What comes next? Potentially two entirely different conversations could eventuate. Two paths lie open. Which one will be traversed?

Pathway 1 represents what you would say if you wanted to help Guy 2 push on in the Christian life.

Pathway 2 represents what you could say if you wanted to confirm Guy 2 in his disenchantment or discouragement.

We find ourselves in similar situations all too regularly and the decision has to be made. The question standing in front of us, what would you say? It's a decision that has to be made " will I build or will I break? " will I minister or will I maim? It goes to our deepest motivations. It taps into what we really want as a Christian. It reveals just how much we have a "servant heart' and how much we are "other-person-centred'. Simply put, the question before each of us is, "Will you build up or break down?'

We know how to be cynical, facetious or derogatory. We know how to gossip, belittle or mock. But what do we say when we want to bring about a godly outcome? According to Ephesians 4:29 we don't have a choice in the matter. The apostle Paul commanded the Ephesians to stop any "unwholesome talk' coming out of their mouths. Rather, it had to be that which "builds, so that it might benefit'.

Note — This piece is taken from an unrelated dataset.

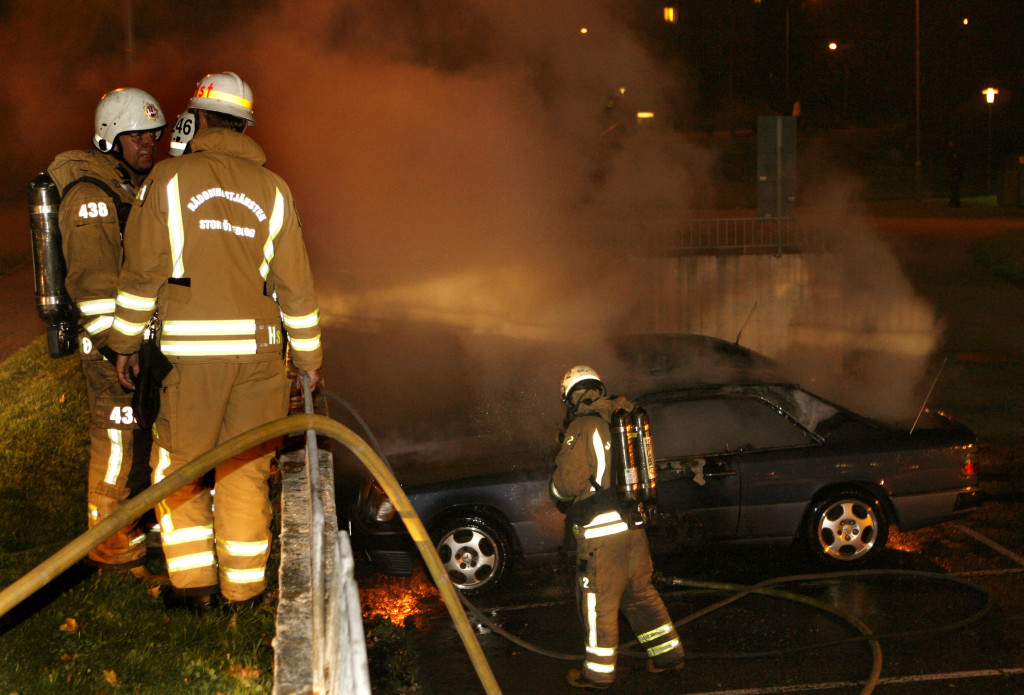 frorterna brinner. bilbrand p smaragdgatan i vstra frlunda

Responses in conversations are a matter of genuine consideration or concern for others. They are not simply a matter of intelligence or education. They are opportunities for ministry that occur almost daily.

So what might benefit Guy 2 in the conversation above? Whatever the answer it will mean that I will have to put aside time constraints, personal idiosyncrasies and a natural inclination not to become involved (after all, I don't want to hear another whinge).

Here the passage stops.